Dodaje, że przy planowaniu osiedla priorytetem jest optymalne usytuowanie budynku. – Tereny zielone projektuje się jako wypełnienie przestrzeni pomiędzy budynkami. Szczegółowy projekt zieleni sporządzają wyspecjalizowani projektanci – wyjaśnia dyrektor.
Z boiskiem i fontanną
Także Janusz Miller, dyrektor ds. sprzedaży w Home Invest, zauważa, że przy planowaniu inwestycji priorytetem jest postawienie budynków. Tereny zielone są niejako do nich dopasowywane. – Podczas projektowania osiedla architekci współpracują z osobami zajmującymi się wyłącznie aranżacją terenów zielonych. To do ich zadań należy projektowanie ogrodów, skwerów – tłumaczy Janusz Miller. Jego zdaniem klienci przywiązują dużą wagę do terenów zielonych. – Trawniki czy skwery podnoszą atrakcyjność osiedla – ocenia.

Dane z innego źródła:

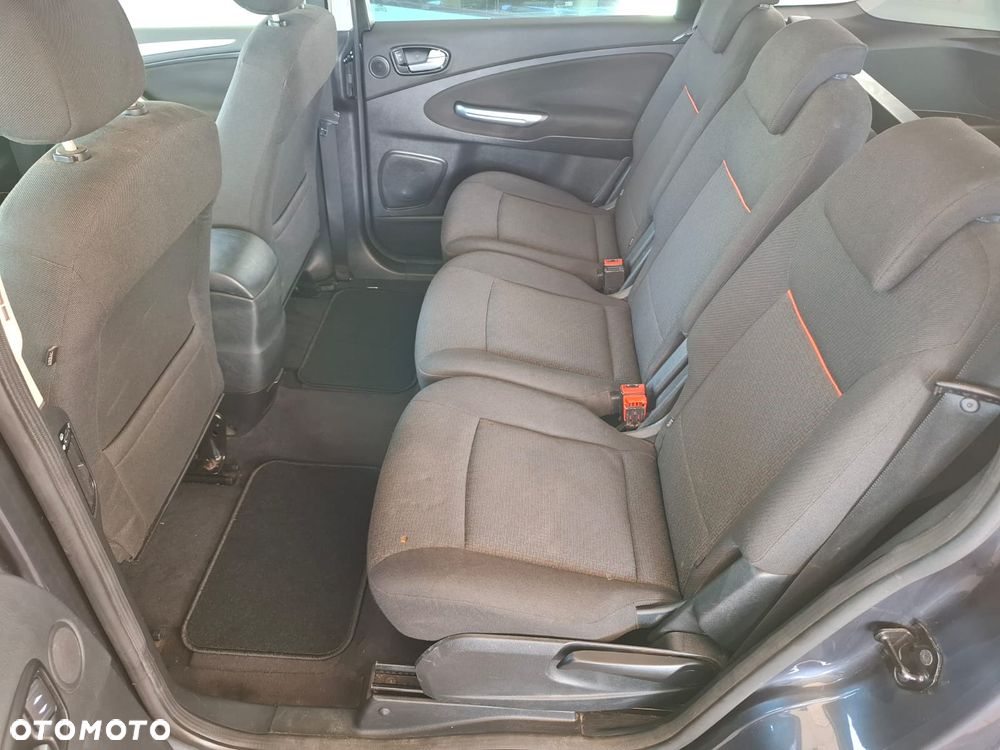 Ford S-Max 2.0 Titanium - 39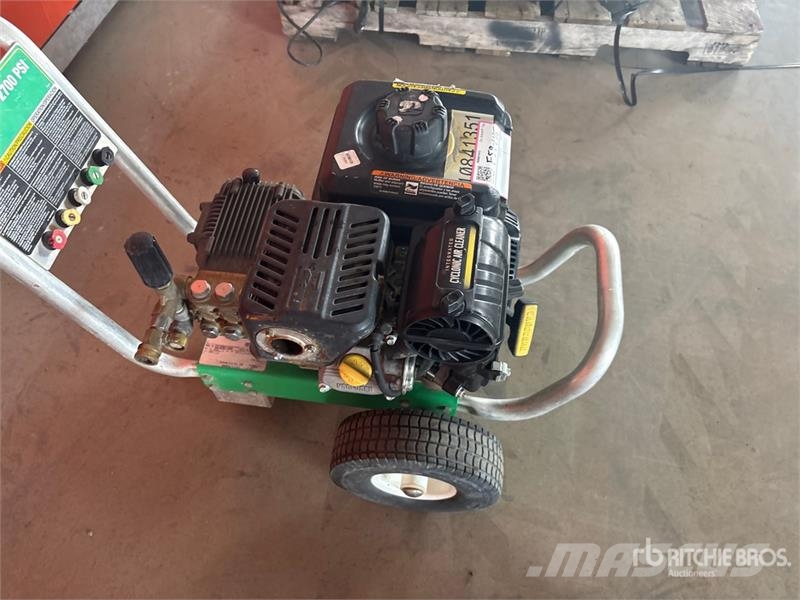 MI-T-M CA-2703-1SMV Pressure Washer 低圧洗浄器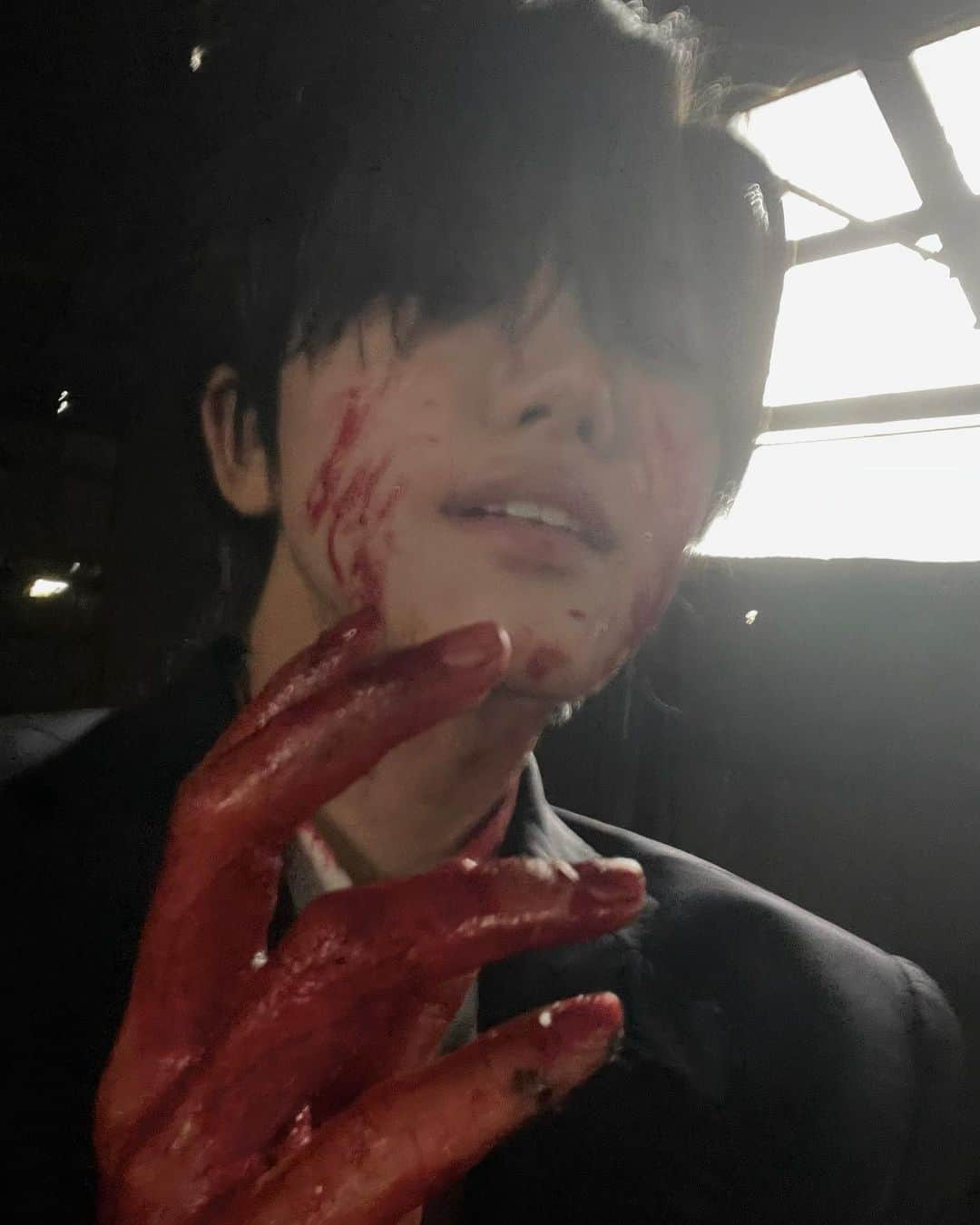 だるまさんのインスタグラム写真 - (だるまInstagram)「✝︎Fake Blood‪✝︎ データ楽しみ🫣  #cosplay #ブルータル #brutal #壇浩輝 #トレース #コスプレ」10月15日 22時01分 - daruma_1_1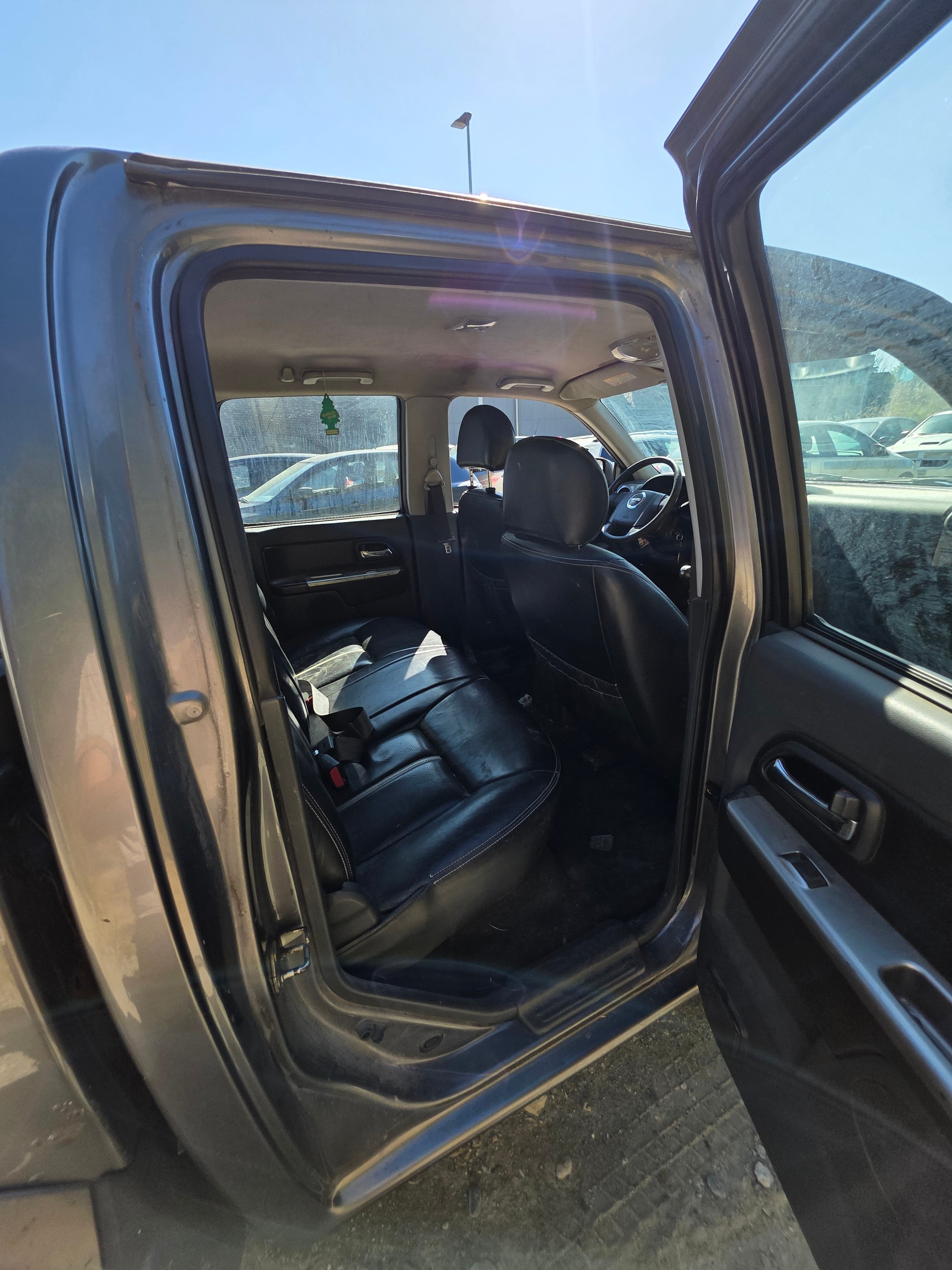 ISUZU D-MAX CrewCab L 3.0 4x4-image-5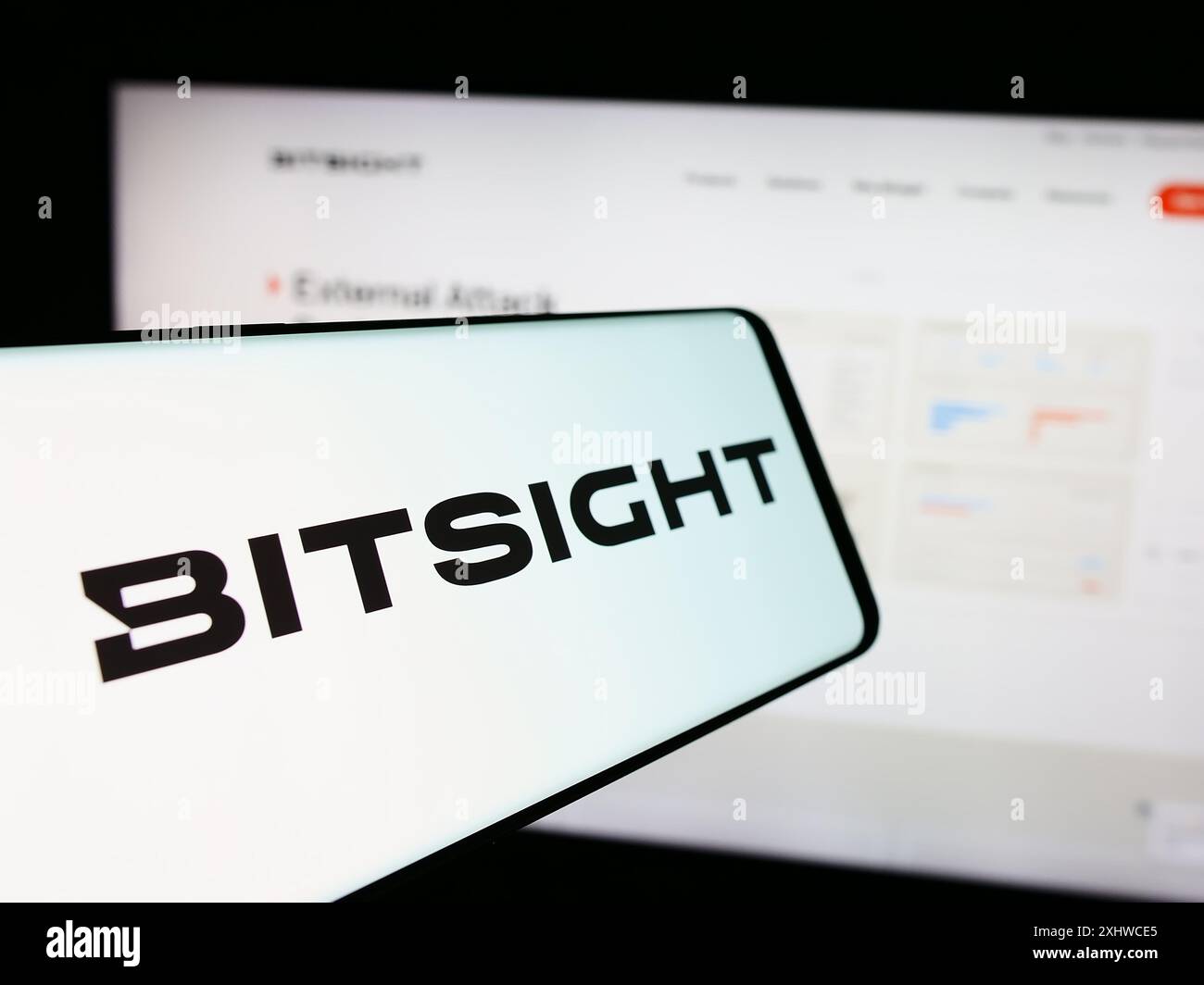 Téléphone portable avec le logo de la société de notation de cybersécurité BitSight technologies Inc en face du site Web. Mettez l'accent sur le centre-gauche de l'écran du téléphone. Banque D'Images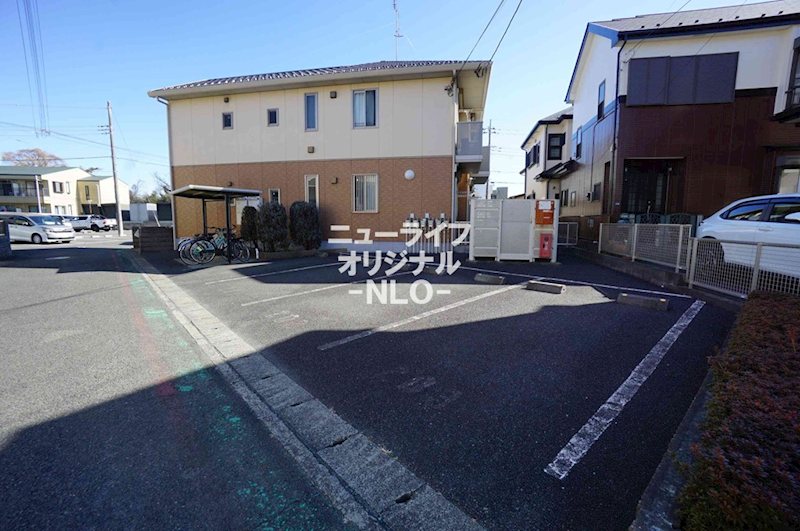 マサール1号館 駐車場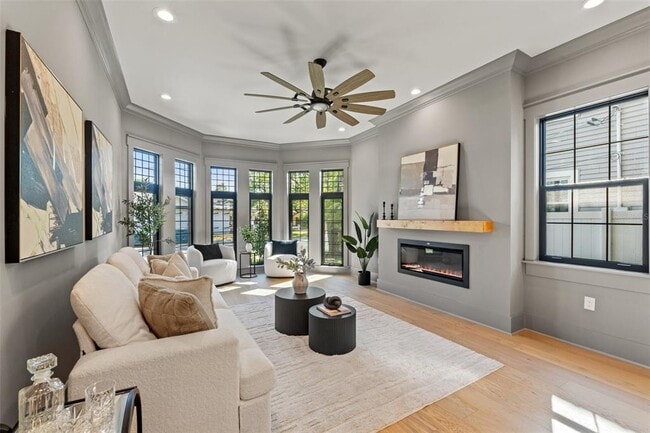 Building Photo - 807 W Park Ave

Ewa Przeździecka z Unidevelopment podkreśla, że planowanie zieleni na osiedlach najlepiej powierzyć architektom krajobrazu. – W większości przypadków eksperci współpracują z pracownią architektoniczną już na etapie powstawania projektu budowlanego. Przygotowują wspólnie plan zagospodarowania terenu (PZT), który określa charakter i funkcje powierzchni otaczających budynki – wyjaśnia Ewa Przeździecka. – Bardzo często już wtedy uwzględniają oni szczegółowe elementy projektu. Wybierają m.in. rośliny, które sprawdzą się w określonych warunkach, np. na warstwie ziemi nad garażami lub w zacienionych miejscach. Specjaliści planują również takie elementy, jak: ławki, kosze na śmieci czy wyposażenie placu zabaw – dodaje.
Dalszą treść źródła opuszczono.